第25話 罠と宝箱
なかなか魔物に遭遇することなく、一時間ほどが過ぎた。
「いないね。」
「いないですね。」
『いねえな……ヒャハハッ』
ロキが小声で笑ったことに違和感を持ちつつ、私たちは前へ進む。
曲がり角に差し掛かったところで、ふと、佐藤さんが声を上げる。
「止まって。そこの角に罠がある。」
『チッ……。』
舌打ちするロキ。どうやらロキは気がついていたらしい。
佐藤さんは杖を通路に向ける。
「サトウさん。その、魔法は控えて……」
クリストさんが申し訳なさそうにいうが、佐藤さんは無視をする。
「【水のベール】」
佐藤さんが詠唱すると、薄い水の膜がダンジョンの通路を覆う。
キラキラと光を反射しながら広がる水の膜は、曲がり角を越えたところで、『シャガン!』という異音をたててから消え去った。

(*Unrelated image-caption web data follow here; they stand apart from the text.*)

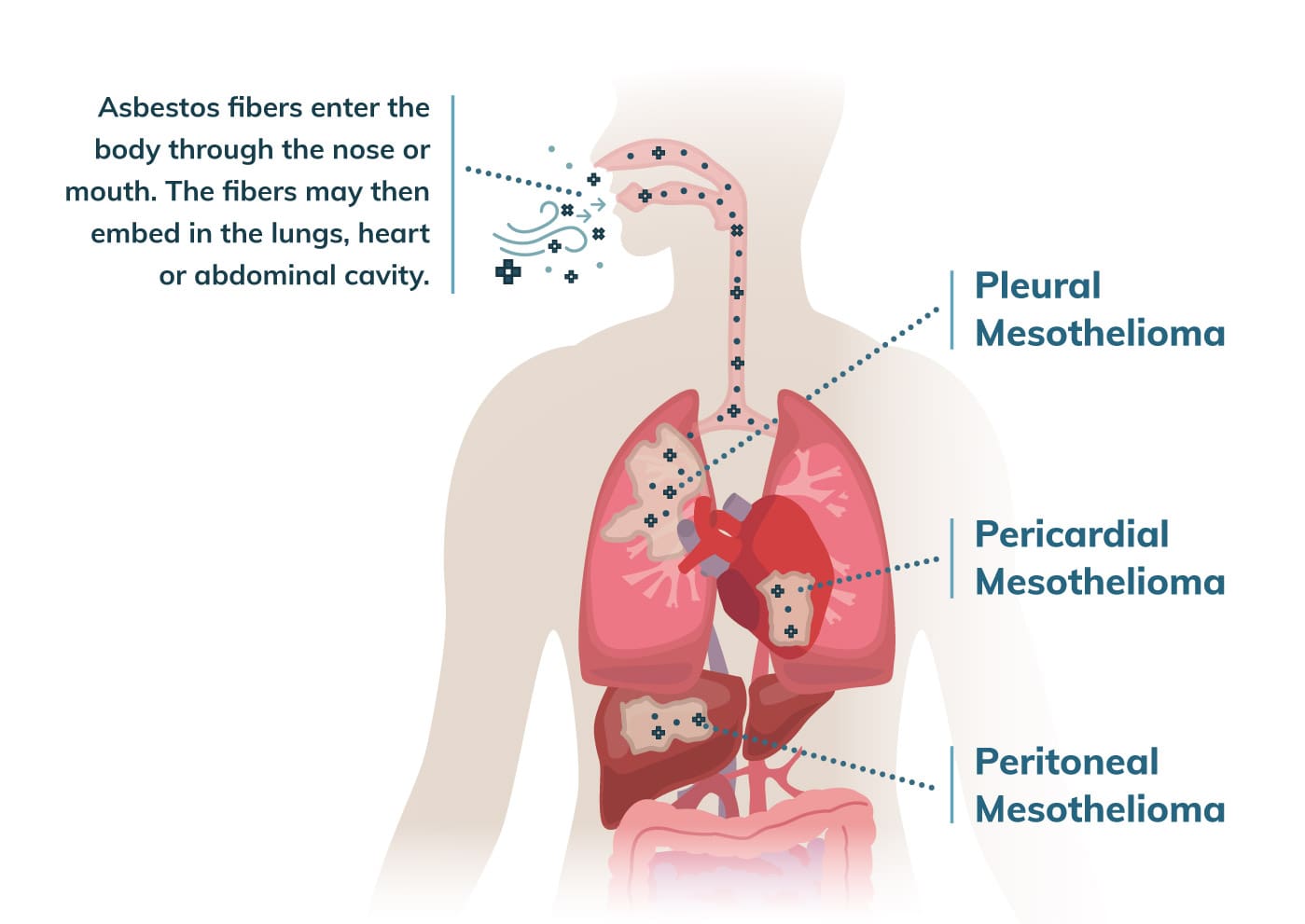 can testicular cancer cause stomach pain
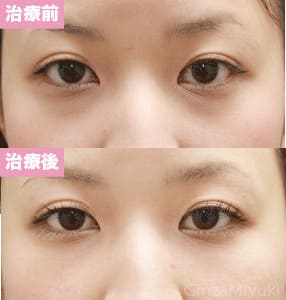 モニター症例№89（25歳 女性）脱脂コンデンスリポ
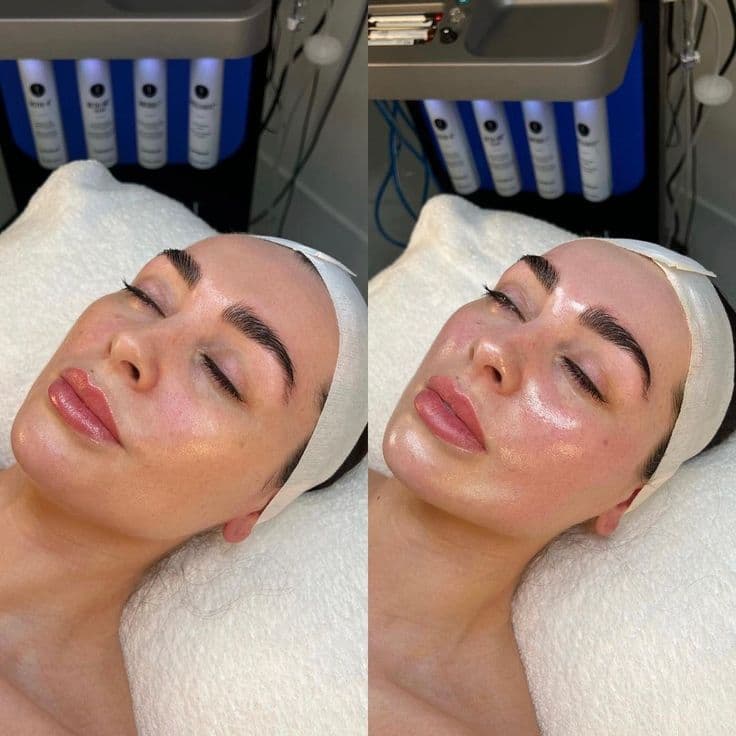 HydraFacial before and after result — House of Aesthetics DHA Phase 6 Lahore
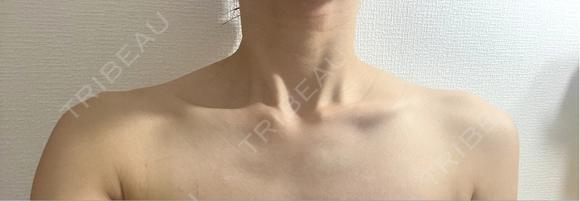 ボトックス（肩） Next Tokyo Clinic AFTER メイン用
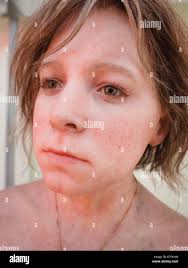 Wax dummy immagini e fotografie stock ad alta risoluzione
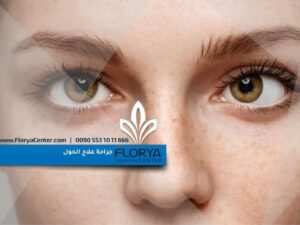 Read more about the article جراحة علاج الحول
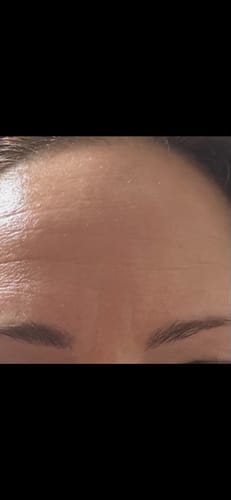 Customer photo review of Sérum de Exosomas Ultra Rejuvenecedor con Bioexosomas de Bakuchiol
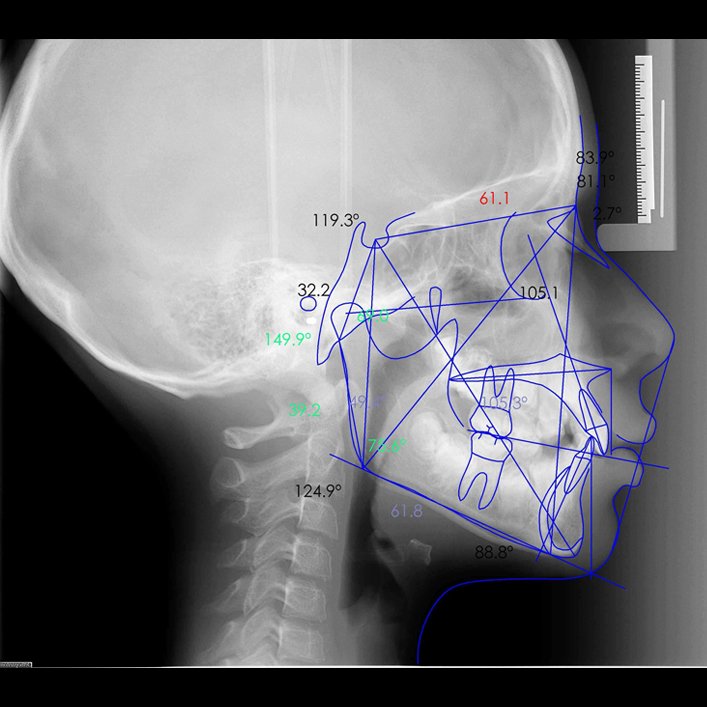 Trazado cefalométrico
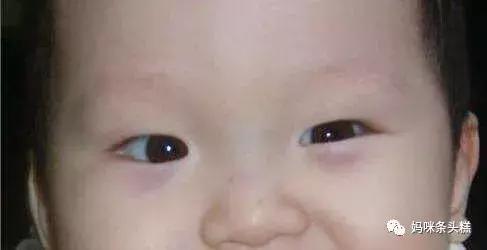 黄帝内经眼袋描述,黄帝内经如何治疗眼袋下垂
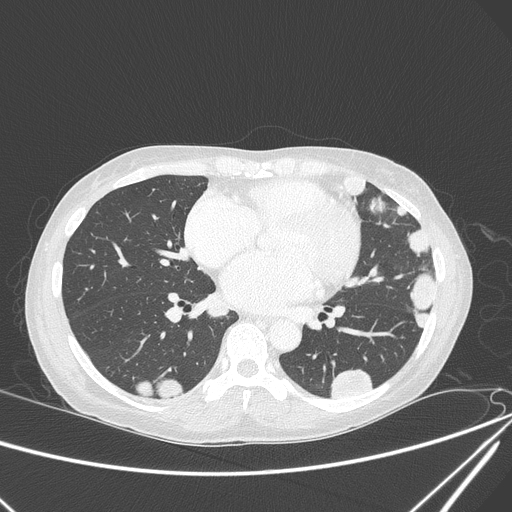 Canonball lung metastasis (Radiopaedia 77634-89837 Axial lung window 106).jpg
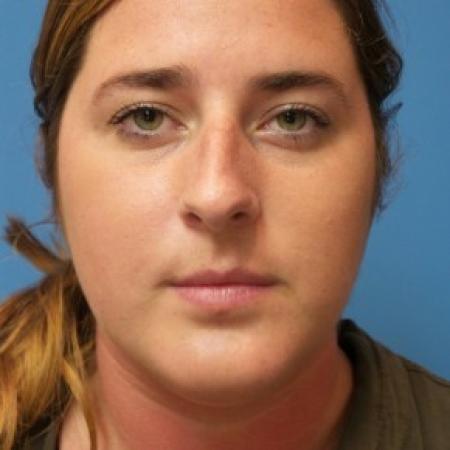 Before image 1 Case #86451 - Rhinoplasty/Septoplasty/Turbinectomy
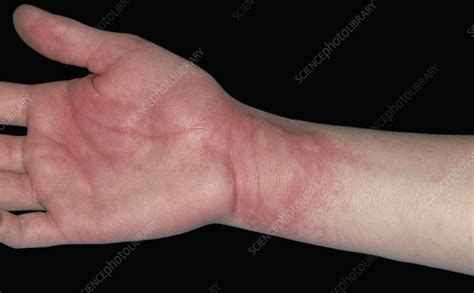 Hives Stock Image C0531911 Science Photo Library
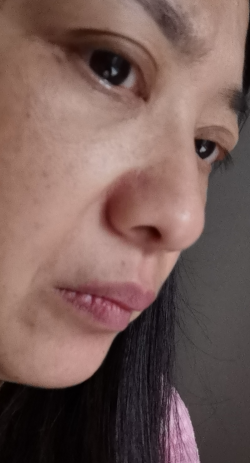 去眼袋手术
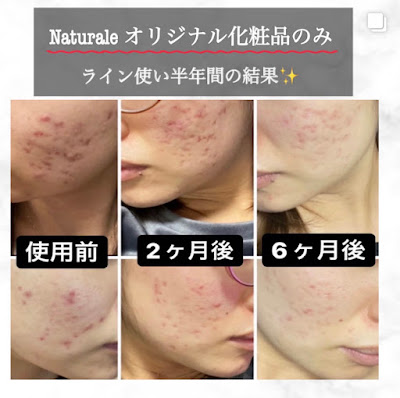 Naturale 사진 5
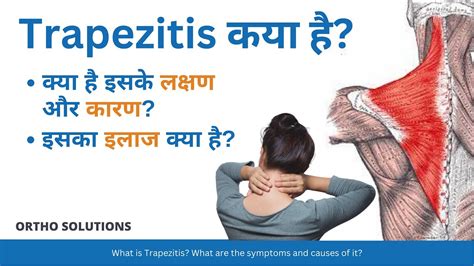 Trapezitis kya hai? kya hai isake lakshan aur kaaran? What is ...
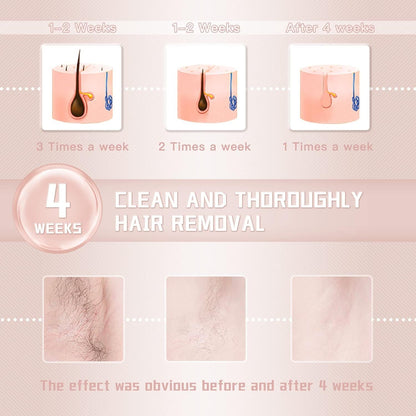 IPL Laser Hair Removal Device – For Women &amp; Men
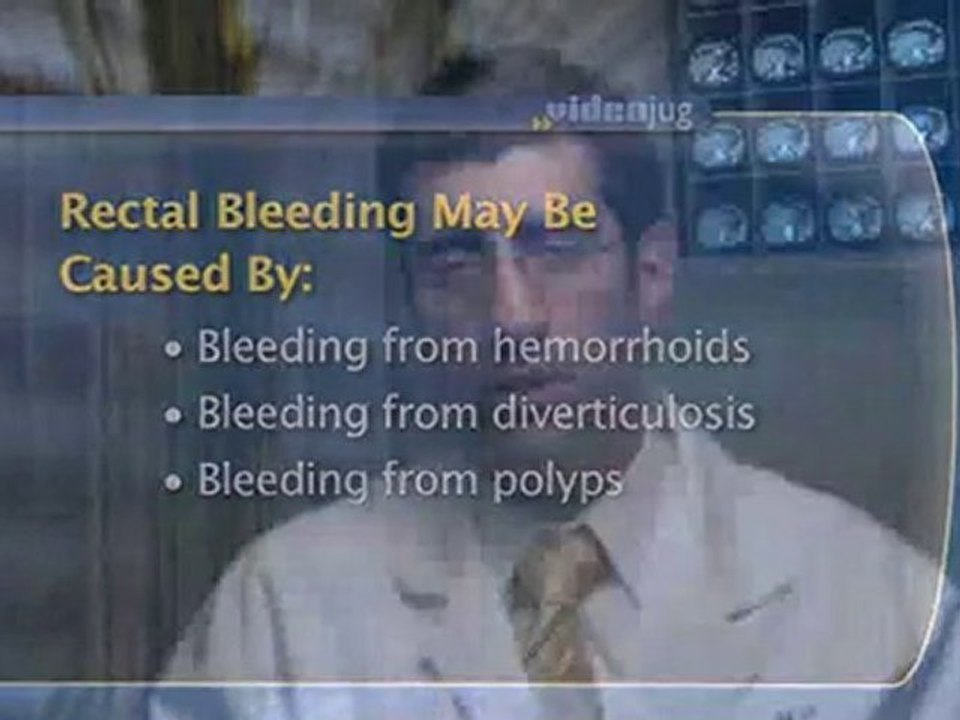 Rectal Bleeding What are the causes of rectal bleeding? video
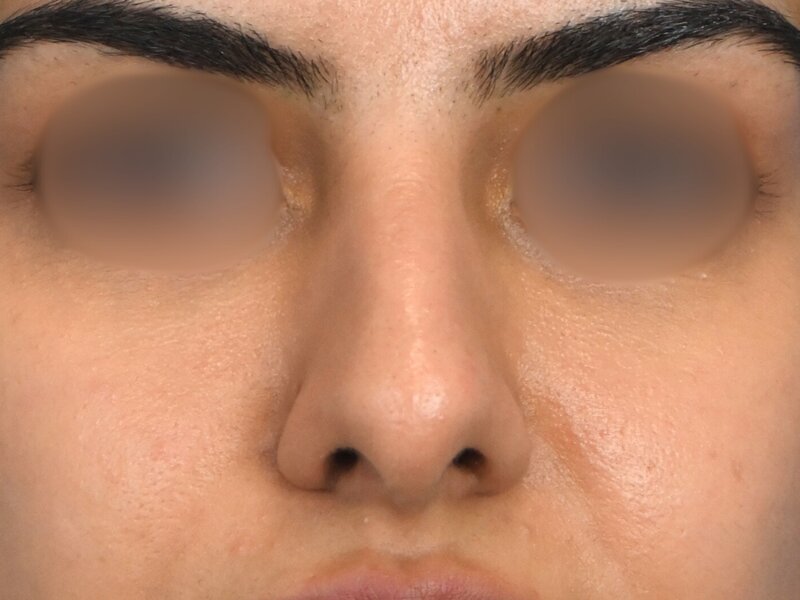 Rhinoplasty Before & After Image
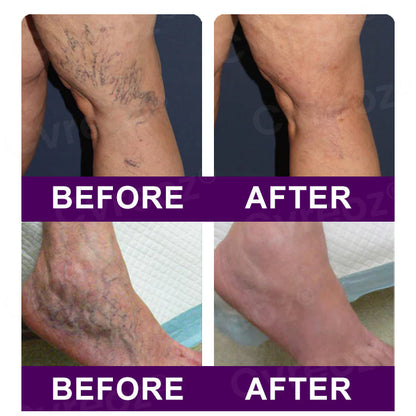 👩🏼‍⚕️Recommended by AHRQ🍀 Cvreoz® Polidocanol Nano Patches for Varicose Veins⭐️Stick It & Forget It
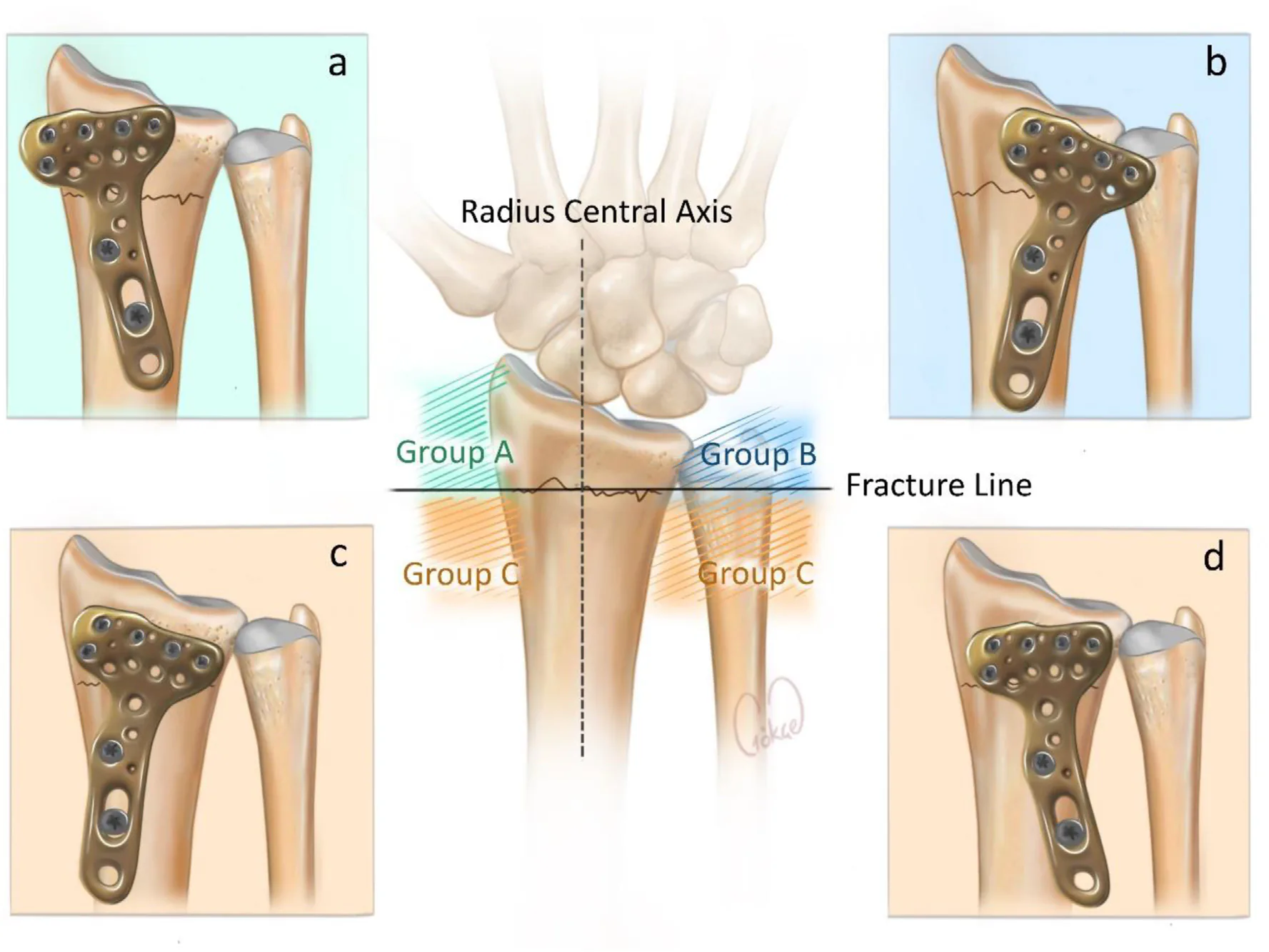 VLP coronal plane protrusion classification — Group A, B, C, D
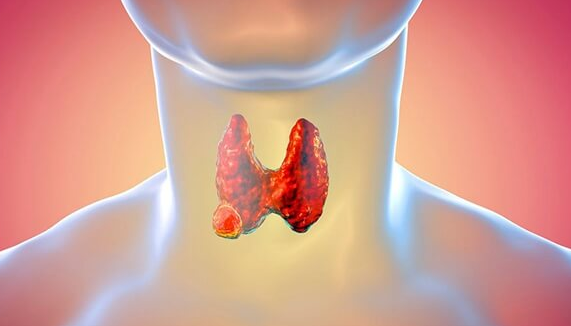 甲状腺结节能否到美国做试管婴儿？需视情况而定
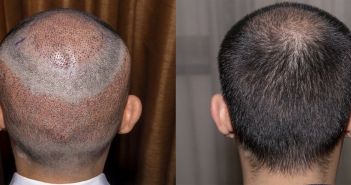 Türkei etabliert sich als führendes Ziel für Haartransplantationen (Foto: AdobeStock - Sugrit - 290465761)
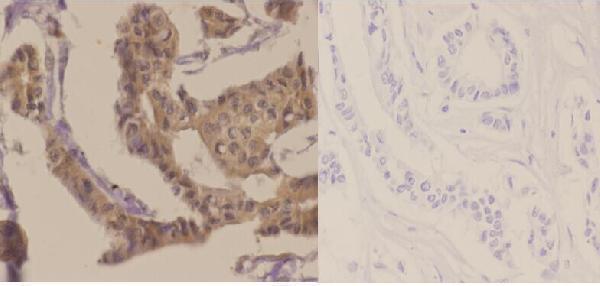 a01475t421 rps6kb1 primary antiboties ihc testing 2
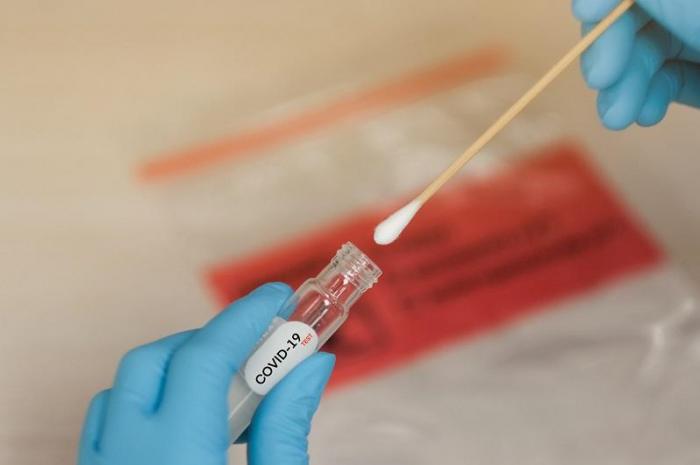 За прошедшие сутки зарегистрировано 36 новых случаев заболевания коронавирусной инфекцией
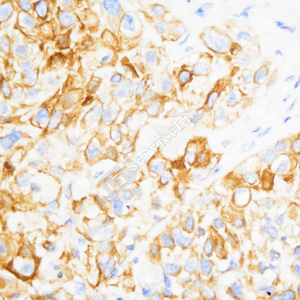 02 GB15803_Cytokeratin 14_ZSM19027_d1000_H esophageal carcinoma_40.0x_IHC.png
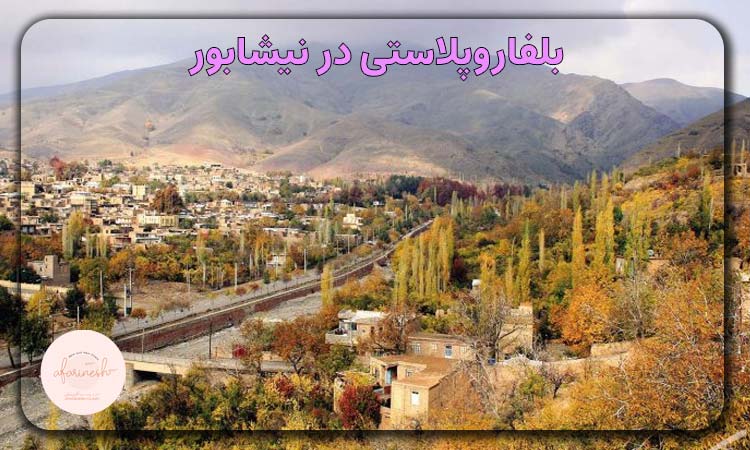 بلفاروپلاستی در نیشابور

『相変わらず頭のおかしい魔法の使い方だ……デスね。』
「なるほど……下位の防御魔法はそのようにも使えるのですか……。」
感心した声を出すクリストさん。
通路の角を見てみると、金属製の槍が一本、ダンジョンの床に突き刺さっていた。
運が悪ければ体に刺さって大惨事になっていただろう。
佐藤さんが口を開く。
「罠は解除したので、前に進みましょう。」
「……いや、ちょっと待ってくれ。」
ふと、前田先生が口を開いた。
前田先生は、曲がり角の近くの壁を指差す。
「この壁だけ、微妙に色が違わないか?」
私も目を凝らしてよく見てみる。言われてみれば、一部分だけ近くの壁よりも色が濃い。ちょうど、扉のような形だ。
佐藤さんがその壁に軽く触れる。
すると……
ごごごごっ
壁がスライドして、奥に道ができる。
「隠し部屋です。ダンジョンの中にいつの間にか出来たり、いつの間にか移動をする、よくわからない部屋です。」
クリストさんが説明する。
「罠はなさそうね。」
私たちは警戒しながら隠し部屋の中へ入っていく。
数歩進んだところで、部屋は途切れた。その代わり、真ん中の石の台座の上に、古ぼけた宝箱が置いてあった。
佐藤さんは箱の表面を調べる。
「罠はないみたいよ。」
「うーん、誰が開ける?」
「俺、開けたい!」
キラキラとした目で手を上げる宮藤くん。
「じゃあ、開けるよ!」
宮藤くんは宝箱に手をかける。
ガチャッ
宝箱の中には、古ぼけた腕輪が一個、コロンと入っていた。宮藤くんはそれを手に取る。
宝箱は、それで空っぽになった。
「……思ったよりも、ショボかった。」
『そりゃそうだろ。ここはまだダンジョンの一階層だぜ?いいもんなんて、出る訳ねえだろ。』
ロキはニヤニヤとしながら言う。
私たちは古ぼけた腕輪を手に入れた。
「剣野、これ、いる?」
「一応、もらっておこう。」
宮藤くんから腕輪を受け取った剣野はそれを装備した。